As that realization dawned, he felt the anger lift for good. And just in time—their food arrived then. He didn’t want those emotions here with him. Didn’t want them infecting the little bubble that he and Abilene inhabited here and now. He didn’t want to be like his old man or like James Ware or any other hard, angry man. He didn’t want to be how his brother had been, before Kim had shown up, so emotionally constipated he had to get into fistfights to vent himself. He didn’t want to be the kind of man that Fortuity demanded its boys become.
But he also had to admit, it had been way easier this past decade. Way, way easier when you didn’t have any commitments, nothing and no one you felt protective enough toward to tap into these macho bullshit lava rivers that flowed in men’s bodies, just waiting to erupt when a big enough fissure formed.

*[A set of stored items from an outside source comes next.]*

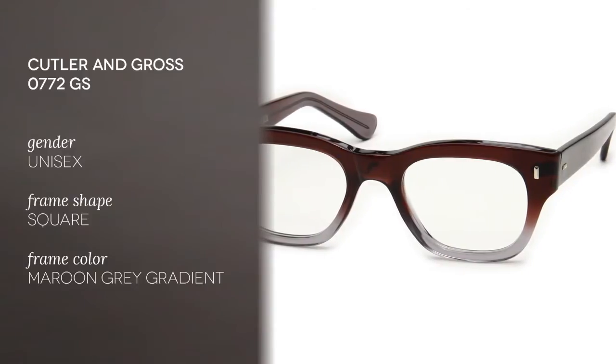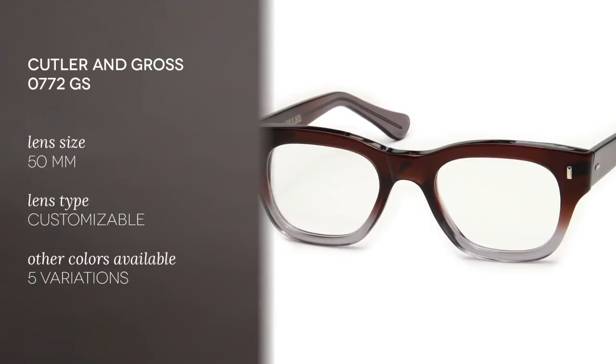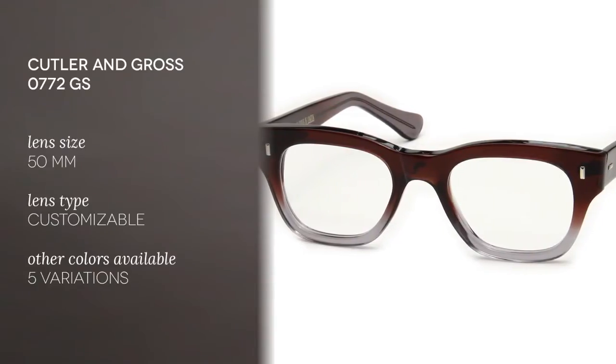The gender for these is unisex. These full rimmed frames have a square shape, especially good if your face shape is square, round or heart shaped. The colour is maroon grey gradient,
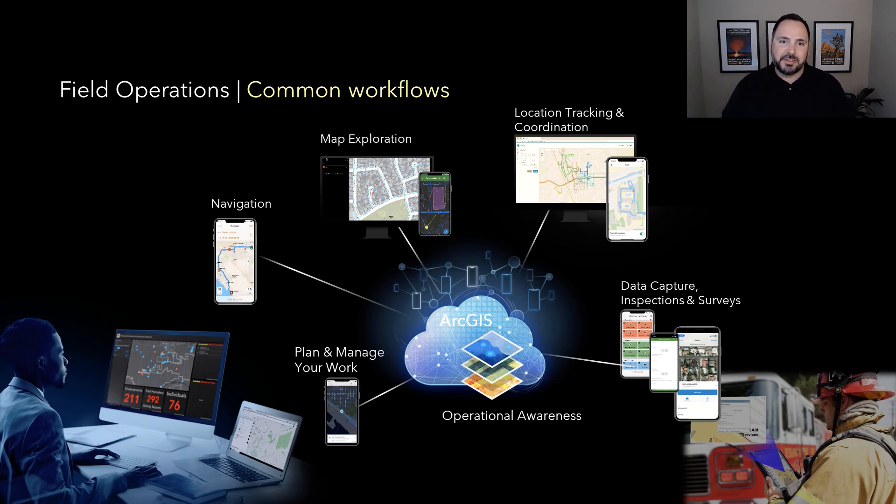Thinking about those three examples, there are common workflows in this field operations environment. It's about building the plan — surveying buildings, structures, venues, and facilities — both for protective and security measures and pre-hazard planning. It's also about navigation, moving from point A to point B using real-time data in a map environment. And tracking and coordinating activities among all team members collectively on the device in your hand. Then capturing information — inspections, asset surveys, post-event damage assessments — all providing operational awareness across all phases of public safety.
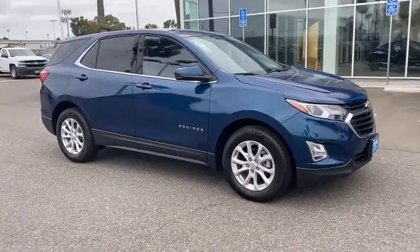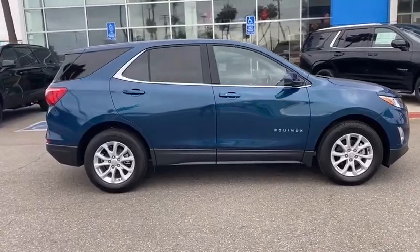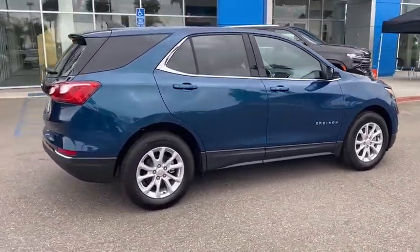Stop by and take a look at the 2020 Chevrolet Equinox. Fuel efficiency, safety, and value equals the Chevy Equinox. Here are some of this vehicle's great options.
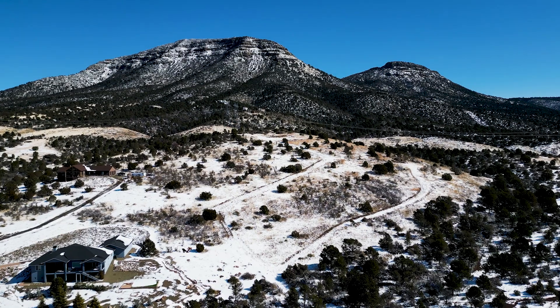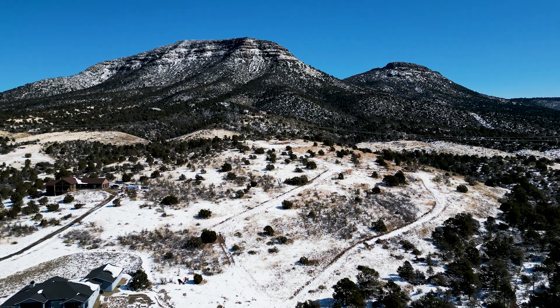The community borders state land and also borders National Forest. I keep referencing the views, but honestly you just can't beat them in this area, specifically at the base of Mingus Mountain.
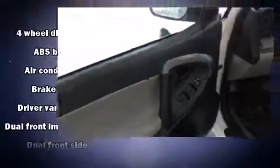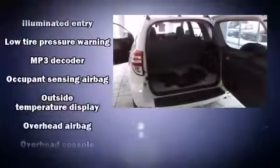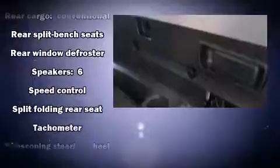Passengers are protected by various safety and security features including head curtain airbags, front side impact airbags, traction control, and four-wheel disc brakes with ABS. Brake assist technology provides extra pressure when applying the brakes.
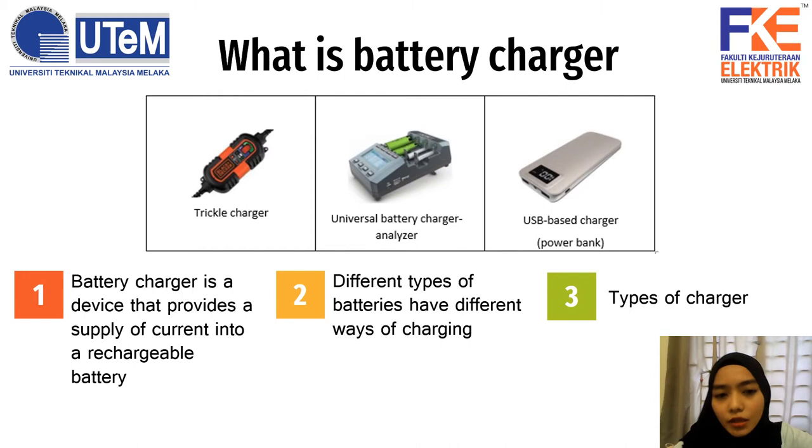A battery charger is a device that provides a supply of current into a rechargeable battery. The types of chargers commonly used nowadays include a trickle charger, universal battery charger analyzer, and USB-based charger which is a power bank. Different types of batteries have different ways of charging. For example, you can use trickle charging mode, plug charging, pulse charging, burp charging, or constant voltage and constant current mode.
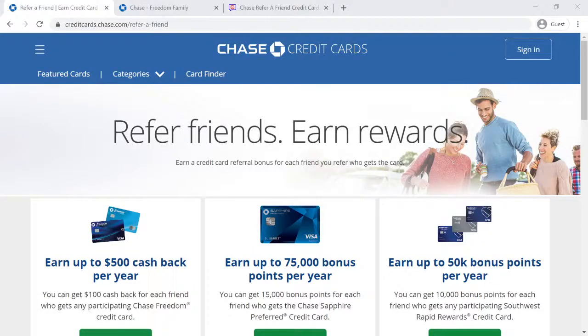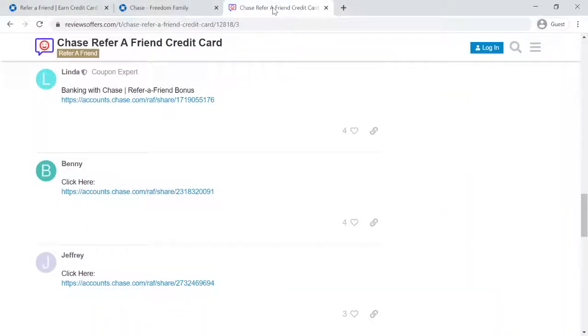Hello everybody. Thank you for visiting ReviewsOffers.com YouTube channel. This video I am going to be talking about the fastest and easiest way to refer your friends to sign up for a Chase credit card. Like always, all the links I mention in this video will be in the description below.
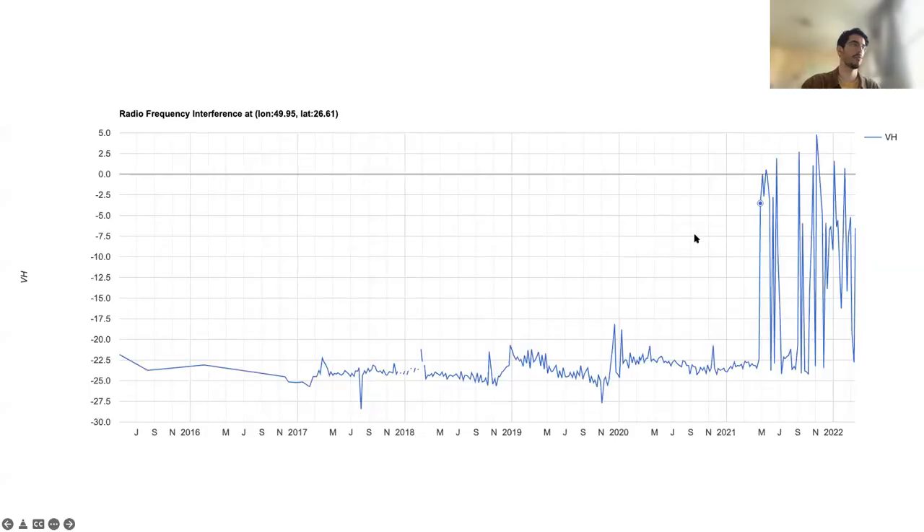Here's a graph of the return signal for the VH polarization at the location of a Patriot missile system in Dammam, Saudi Arabia — the default view when you load the radar interference tracker tool, because it's such a clear example. We can see some variation in the return signal over time, but then in mid-2021 we get massive spikes that persist for quite some time. The radar seems to be turned off for a little period and then gets turned back on.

Fucking feelings, he thought, registering a rare and uneasy kinship with his brother and father. He turned his focus to his French fries, feeling hard and soft and completely bare-ass naked. Unarmed, even with the barrel of his pistol warm at his back.
Chapter 16
Drama at the diner notwithstanding, that afternoon was the most pleasant and relaxed time Abilene had passed in ages. After a stop at the drugstore, they drove around the county for an hour, taking in the landscape.
Even after only a week of being sequestered, she’d managed to forget how vast this place was. The sky seemed endlessly high, the badlands infinite. Freedom was nearly hers once more—not from the obligations of work and motherhood, but in simple ways. The ability to move as she pleased through town, and soon, the convenience of her own car.
Not that she’d be all that glad for these little trips with Casey to end.
Still, she’d get to work with him at the bar again, the place where their flirtation had blossomed to begin with, and soon after, their friendship. She might look naive, but she wasn’t dumb. She knew that every time they messed around, every time they spoke as they had in the car on the way to the diner, she was falling for him. It was dangerous, but so, so easy. More natural than any other crush she’d gotten tangled in. Her curiosity mounted by the day to know exactly what Casey had done to earn his record, and what he’d been up to since then, that he seemed unwilling to come clean about, even to his closest friends. If she was indeed falling, she ought to know. If you fell with your eyes wide-open, you at least knew what was waiting for you at the bottom. And who knew—maybe whatever he’d done hadn’t even been all that bad. Something forgivable.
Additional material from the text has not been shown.